*ENTRIES PROVIDED:*
• • • • • • •

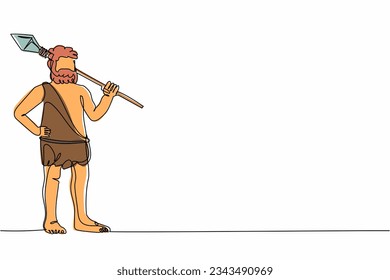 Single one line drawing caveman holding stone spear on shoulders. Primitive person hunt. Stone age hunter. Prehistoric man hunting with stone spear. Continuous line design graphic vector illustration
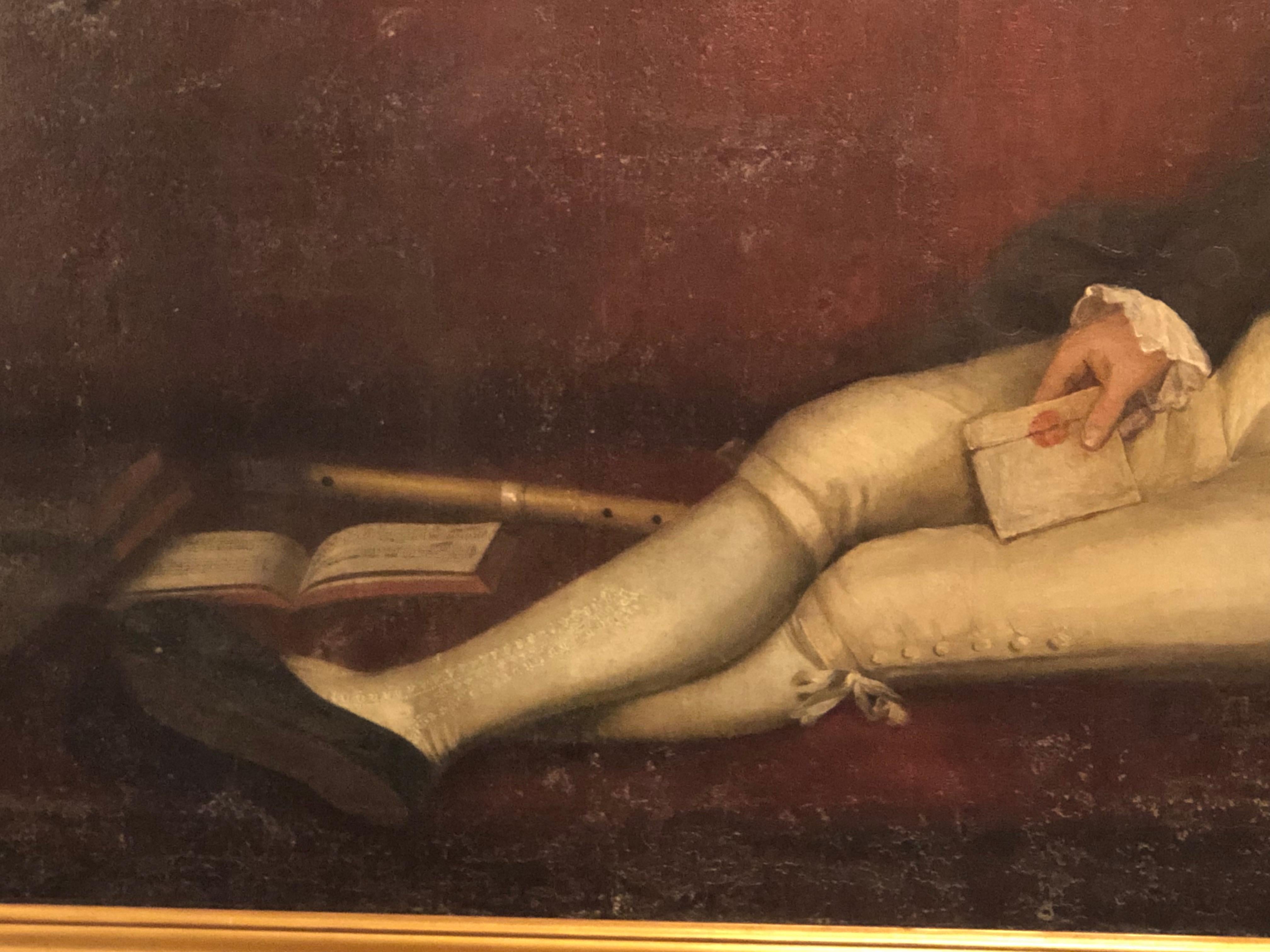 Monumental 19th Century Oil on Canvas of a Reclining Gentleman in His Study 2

• • • • • • •

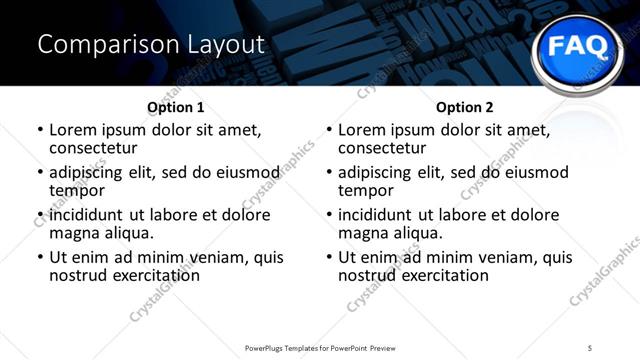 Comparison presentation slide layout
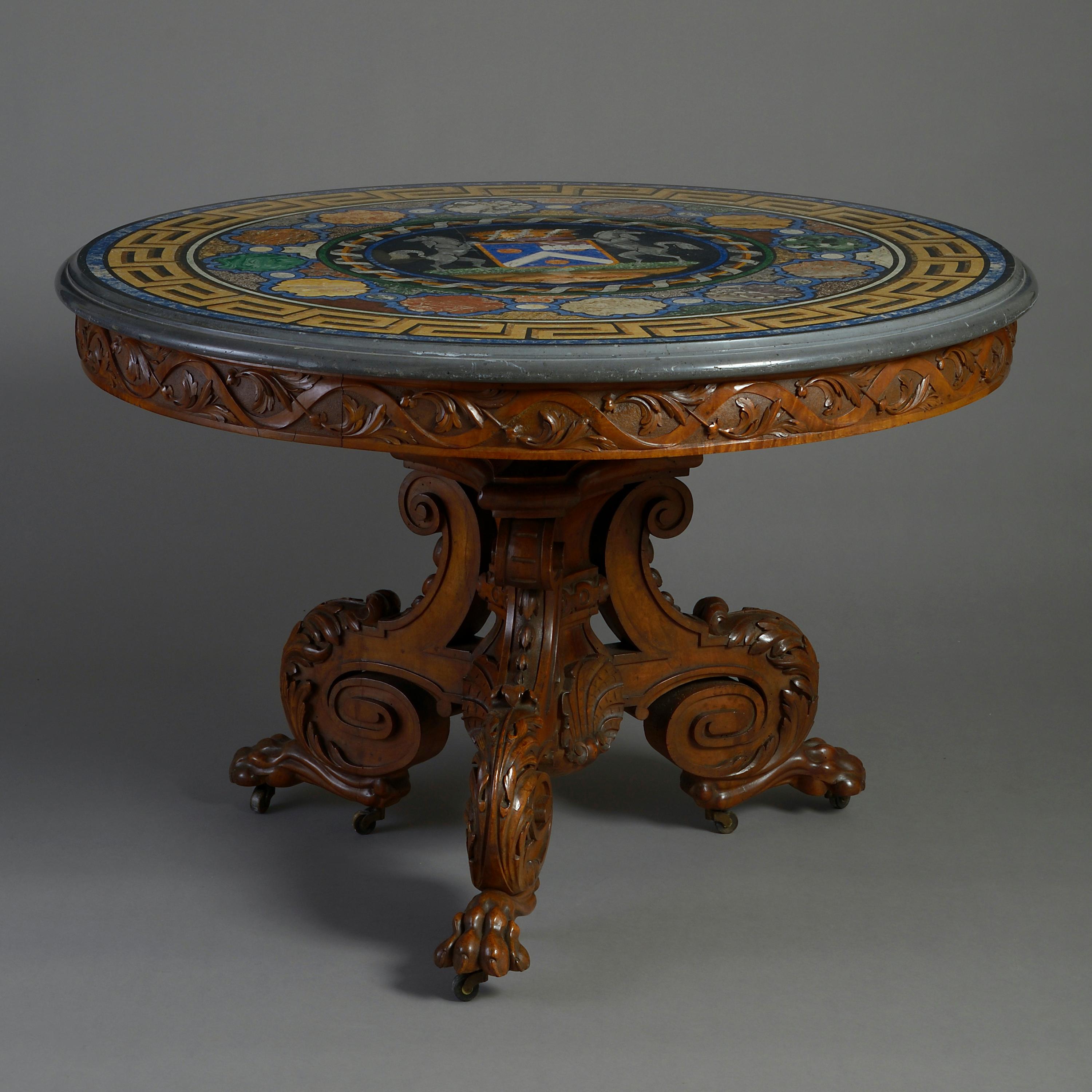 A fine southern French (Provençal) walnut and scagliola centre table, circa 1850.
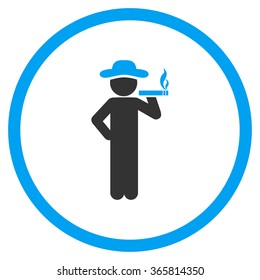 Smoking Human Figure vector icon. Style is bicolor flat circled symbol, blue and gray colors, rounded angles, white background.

• • • • • • •

*EXERCISE DETAILS:* Using the data above, give again exactly the lines starting at the one holding "Single one line" and ending at the one holding "Monumental 19th Century", inclusive, and nothing more. Omit the pictures.

*RESULT FOR THIS EXERCISE:*
 Single one line drawing caveman holding stone spear on shoulders. Primitive person hunt. Stone age hunter. Prehistoric man hunting with stone spear. Continuous line design graphic vector illustration
 Monumental 19th Century Oil on Canvas of a Reclining Gentleman in His Study 2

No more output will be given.